話を聞かない選手を決して怒らぬワケ 異色の指導者が米国で学んだ“本当の自由”

米国の独立リーグ3年目に衝撃の出来事 自由の怖さを痛感

 手取り足取り教えることが選手のためにならないと気付いたのは、大学卒業後にプレーした米国・独立リーグでの苦い経験がある。朝から夕方までチーム全体で練習する日本と違い、米国の練習は正午までの3時間。渡米から2年間は午後の時間を自由に使った。時々体を動かしたが、大半は部屋でくつろぐなど文字通り自由に過ごしていた。
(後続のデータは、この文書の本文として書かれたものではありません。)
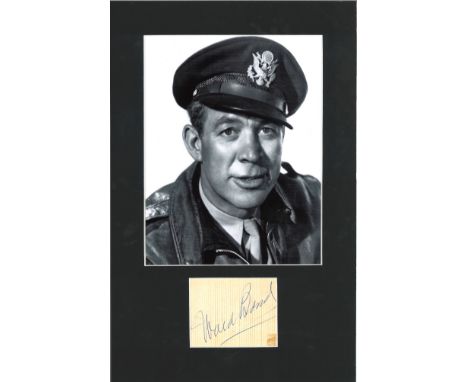 Ward Bond signature piece mounted below b/w photo. Approx overall size 16x12. Good Condition. All autographs are genuine hand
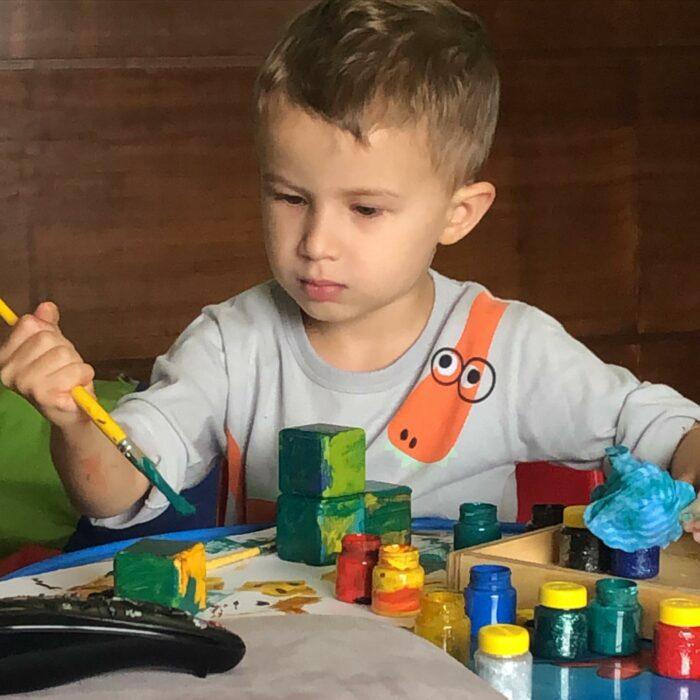 niño sosteniendo un pincel en su mano con algunas pinturas en una mesa 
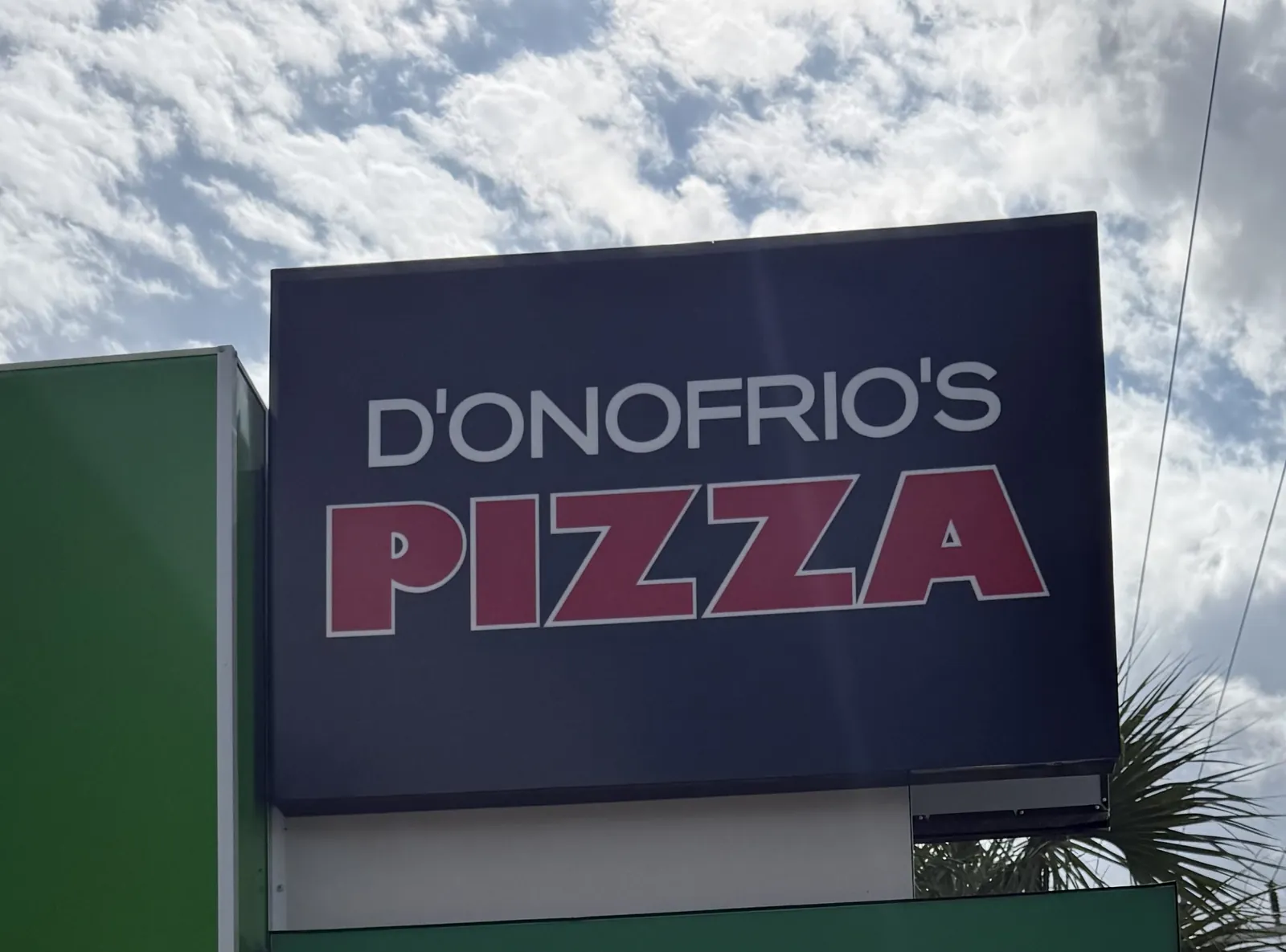 D'Onofrio's Pizza tenant panel on a roadside pylon sign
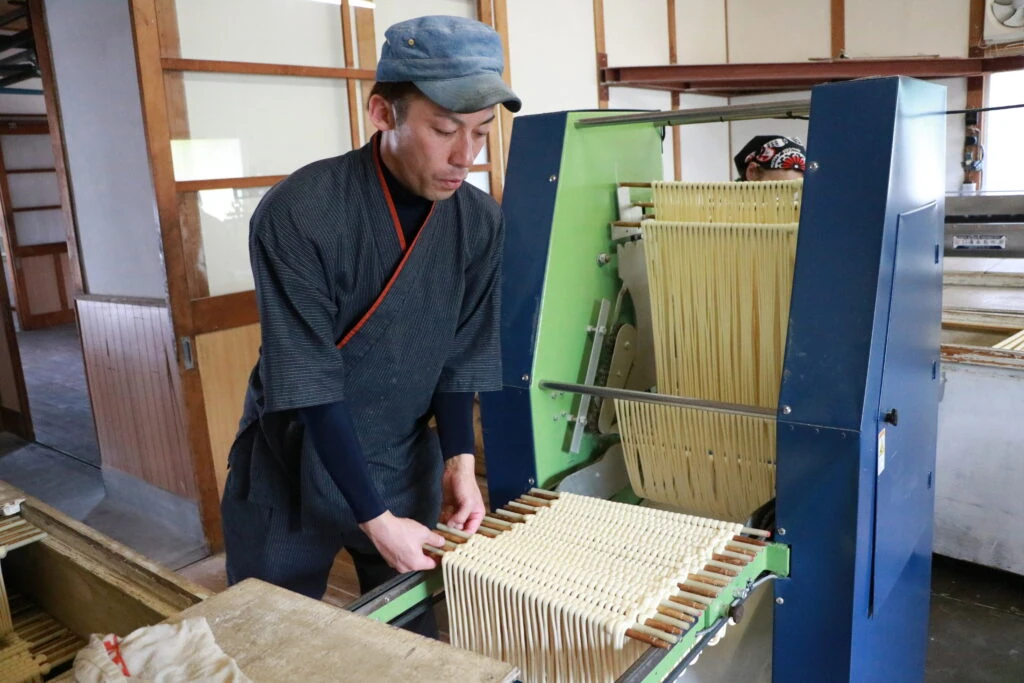 マルカツ製麺所で製麺機を使い手延べそうめんの掛巻作業をする職人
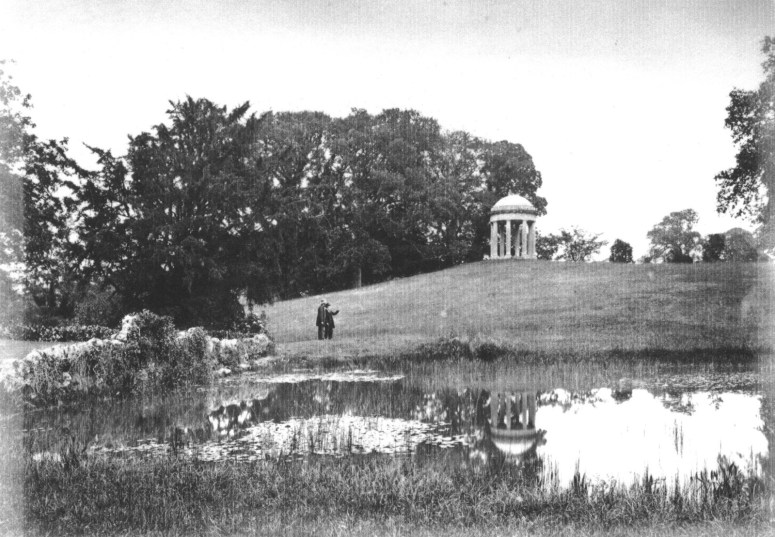The rusticated stone bridge on top of the Grotto, photographed from the north lawn in the 1890’s. Water from the pond would appear to flow under this bridge on the left (obscured by foliage), but by 1771 this water cascade was removed and subterranean pipework fitted to take the overflow of water away invisibly and down to the ponds near the gate lodge. 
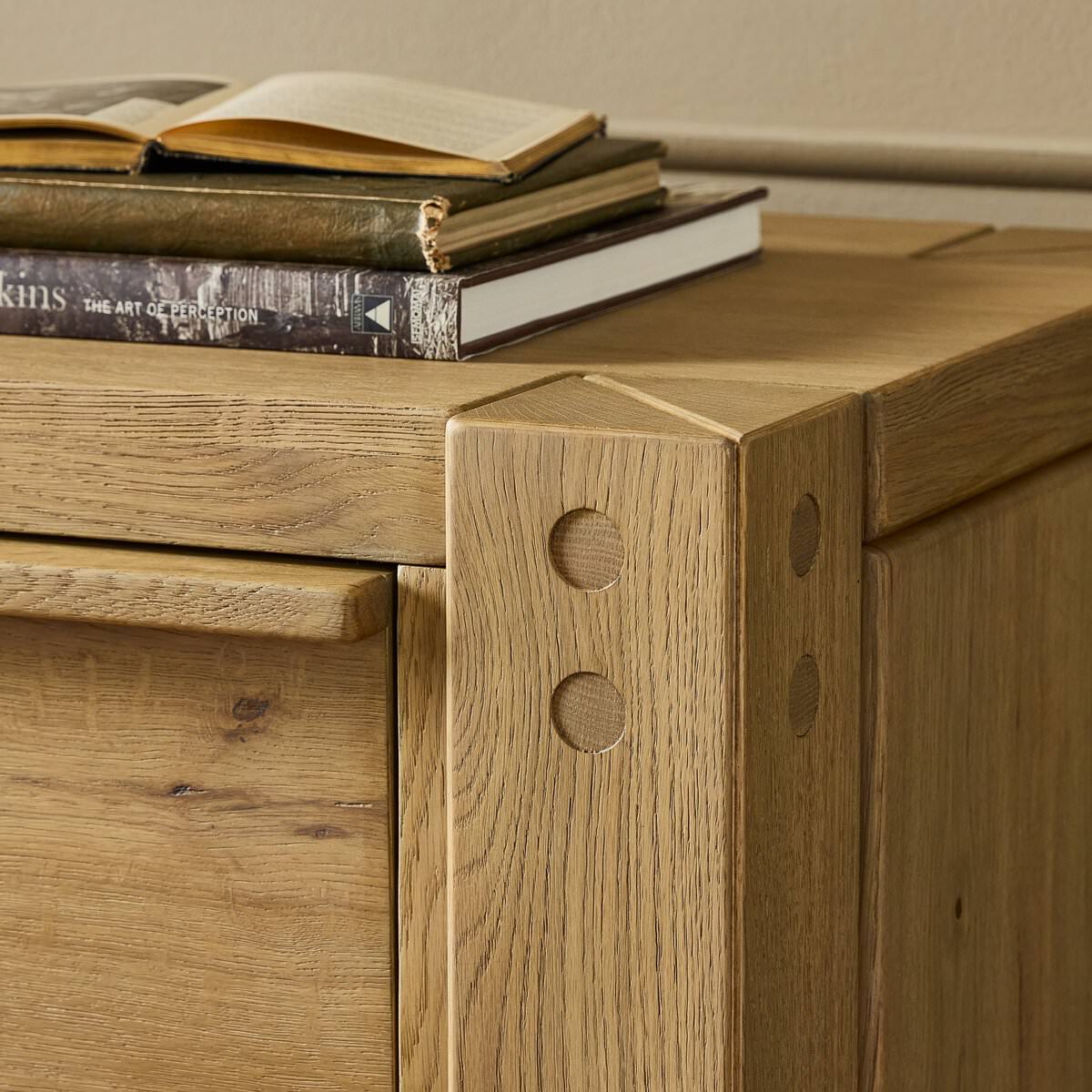 Close up of Four Hands Emmer 6 Drawer Dresser in Aged Smoked Oak Veneer in a bedroom at Addison West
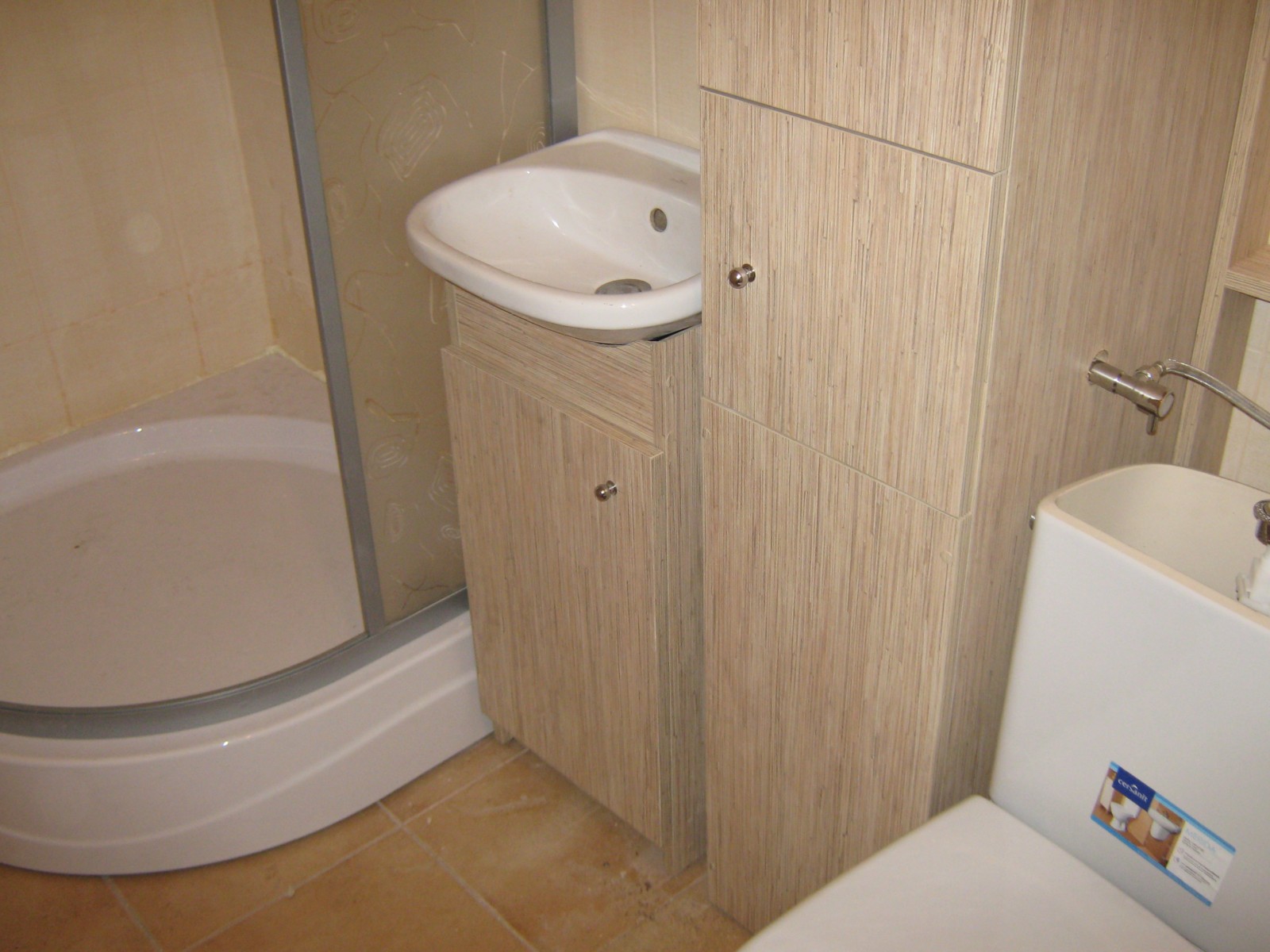 Łazienka z kabiną prysznicową i umywalką z szafką oraz wysoką szafką, wykończone w okleinie imitującej jasne drewno z wyraźnym usłojeniem.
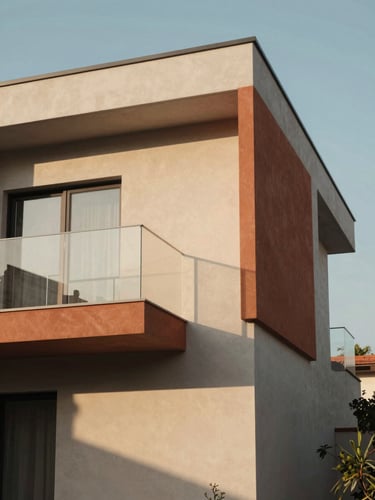 Warm architectural photography of a modern home facade, soft late-afternoon sun casting long shadows, clean lines, terracotta accents, 35mm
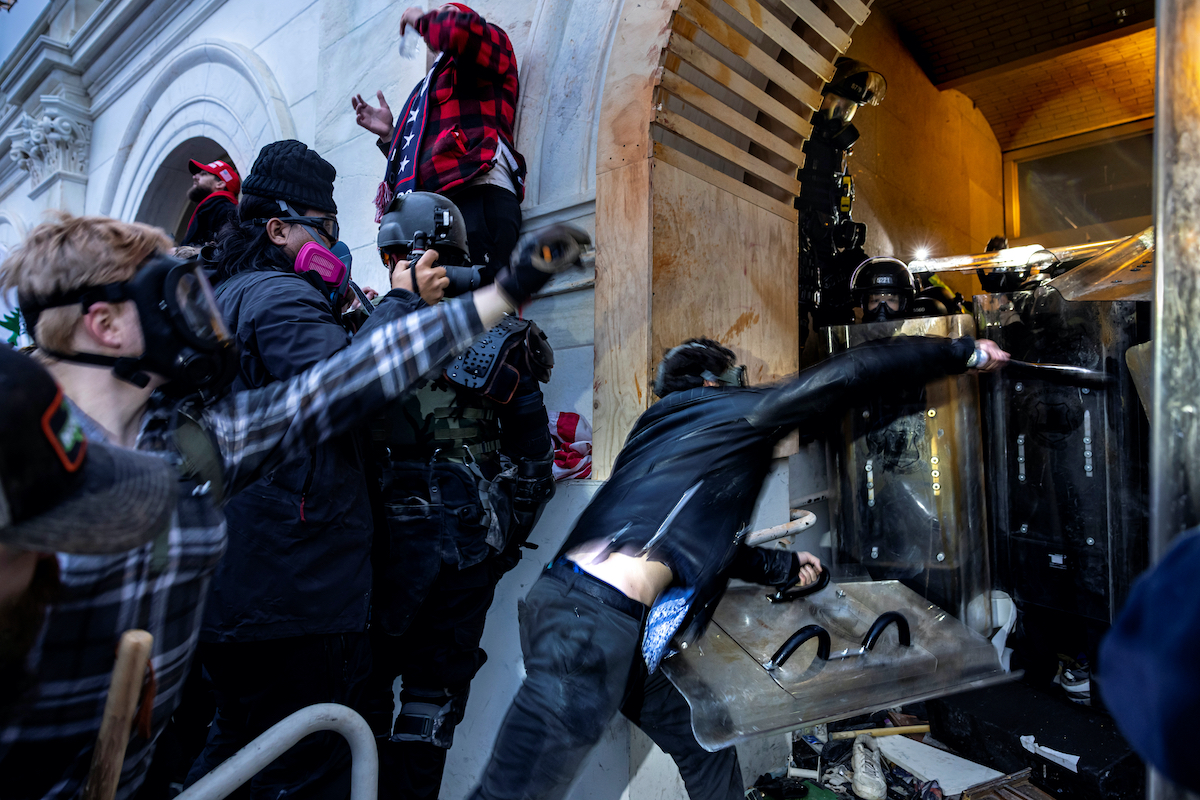 Pro-Trump rioters try to break into the U.S. Capitol as police hold them off with plastic shields.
 しかし、3年目に自由の怖さを痛感する出来事があった。この年、同じ部屋で暮らすことになったチームメートから「あすの朝はジムに行く?」と聞かれた。告げられた時間は朝の5時半。長坂さんは「トレーニングが好きな選手なんだな」とびっくりしたが、車に乗せてもらいジムに着くと驚がくの光景を目にした。チームメートのほとんどがトレーニングしていたのだ。

「周りの選手が朝からトレーニングをしていると初めて知りました。車を持っていなかったですし、1、2年目は英語もあまり話せなかったので、状況を把握できていませんでした」

 さらに、チームメートが全体練習後にもジムに通ったり、課題を克服するために個人練習をしたりしていると知った。自由な時間の使い方が自分とは全く違ったのだ。その後は、車を持っている選手に声をかけて、ジムに行くようにしたという。